Joint Assurance – during this period a joint operational assurance framework was developed, an output both services collaborated on. Meanwhile, some of the active assurance processes covering a clinical review of past cases, and recent serious incidents were bringing clinical staff and leaders together in a way they hadn’t experienced before; they reviewed cases together, determined root causes and shared the learning from these in joint education sessions and simulations.

Term admissions – early on we discovered a backlog of around 6 months for reviews of term babies being admitted to neonatal units, a joint best practice requirement. This seemed to be driven by key professionals from both services not attending review meetings and with the level of term admissions higher than other areas, the learning from these reviews was necessary to improve outcomes for babies. We started reporting attendance at review meetings and the percentage of term babies being admitted to neonatal units. We included these metrics in the progress reports that went to Board and Board sub-committees, which generated questions and focus on this joint issue.

Joint Showcase – with the assurance panel that oversaw the improvement work in the Health Board, we’d started to setup showcases as a way of assuring them that good progress was being made. We included a showcase within the schedule for term admissions, even though the services might not have been fully ready for this. Selecting positive leaders to take forward the planning and preparations for this showcase, they brought the two services together to do this effectively, after an initial period of uncertainty and anxiety.

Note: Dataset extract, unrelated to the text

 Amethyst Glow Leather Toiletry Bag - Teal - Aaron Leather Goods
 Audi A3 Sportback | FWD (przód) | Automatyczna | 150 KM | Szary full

So how did we know that these things made a difference? Conversations changed, people commented that it felt different, there was more inclusion of both services within operational and improvement matters, and service planning and escalations were much more joined up. The tangible evidence comes from the backlog of term admission reviews, which fell from 6 months to just a few weeks, and from the self-assessment process, where the service self-assessed itself two levels higher (on a five-point scale) than the baseline position.

Evidence regarding successful culture change is weak with many saying that culture change initiatives don’t work. Our experience is different, as this case study has demonstrated. By nudging a historical cultural challenge, using carefully constructed tensions and events, positive progress was made in a very short period of time.